Although this is a book for the general reader, it's not always easy going. But Secrets & Lies requires no prior knowledge of computer or security technology and should be accessible to anyone who is willing to put in a little effort. For example, Schneier explains encryption, essentially a mathematical process, without resorting to a single equation. While Schneier is not an elegant writer, he has a nice ability to use analogies to make the obscure understandable.
The book has two main thrusts. First is Schneier's mantra: "Security is a process, not a product." Anyone who promises you a hacker-proof system or offers to provide "unbreakable" encryption is selling you snake oil. There is simply no way to wave a magic wand over a system to make it--and keep it--secure. Second, Schneier says, getting security right is hard, and small mistakes can be deadly.

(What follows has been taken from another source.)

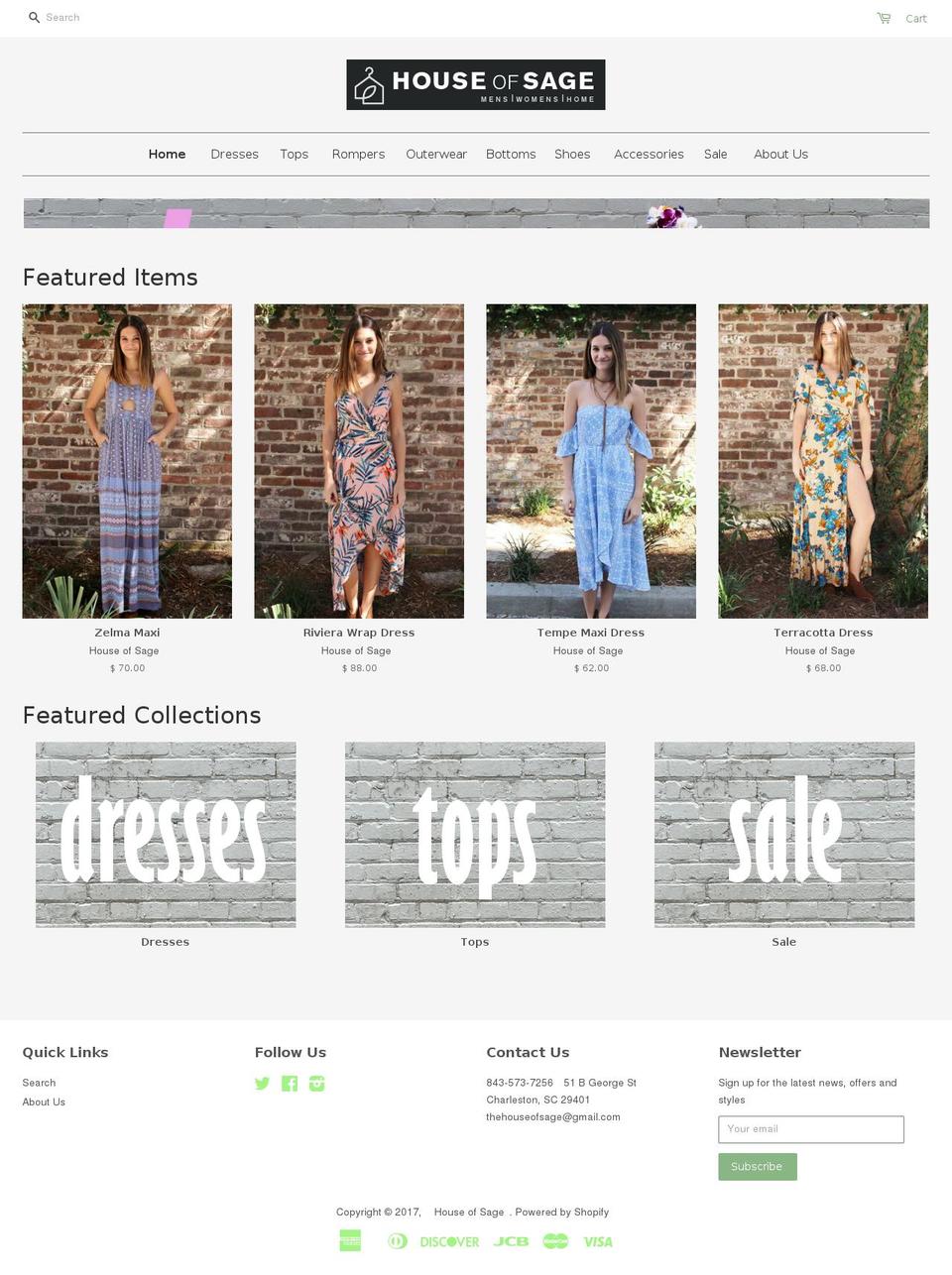 houseofsage.com shopify website screenshot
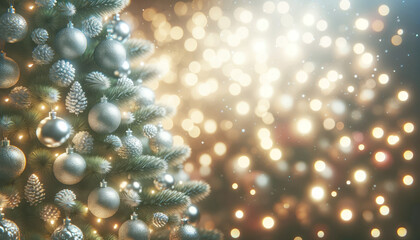 Poster - Christmas and New Year holiday background with bokeh defocused lights. Generative AI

RISK MANAGEMENT. Schneier backs his opinions with real-world examples. For instance, Hollywood was terrified of piracy and worked hard on a scheme to encrypt digital videodisks so that only authorized players could read the disks. The encryption would have been hard to break, but hackers didn't have to do it. A design flaw made it easy to steal the decryption keys from the software players supplied with PCs. Similarly, most e-commerce sites use a technology called SSL to protect transaction data from online snoopers. SSL works fine, but some e-tailers left customers' credit-card information in files where hackers could swipe it.
The last third of the book is most valuable to managers. In it, Schneier discusses the process by which people should assess security vulnerabilities and decide what to do about them. His central point: Computer security is basically risk management. Banks and credit-card companies can tolerate a considerable amount of credit risk and fraud because they know how to anticipate losses and price their services accordingly. That's good, since zero tolerance would put them out of business. Similarly, seeking perfect security would make a system useless because anything worth doing carries some risk.
Unfortunately, the art of computer security has not progressed to the point where Underwriters Labs can certify that a firewall can protect you against attack for two hours, as can be done for safes and fire doors. But with the crude tools that are available, managers have to decide what they are trying to protect and how much they are willing to spend, both in cost and convenience, to defend it. This is a business issue, not a technical one, and executives can no longer leave such decisions to techies. That's why Secrets & Lies belongs in every manager's library.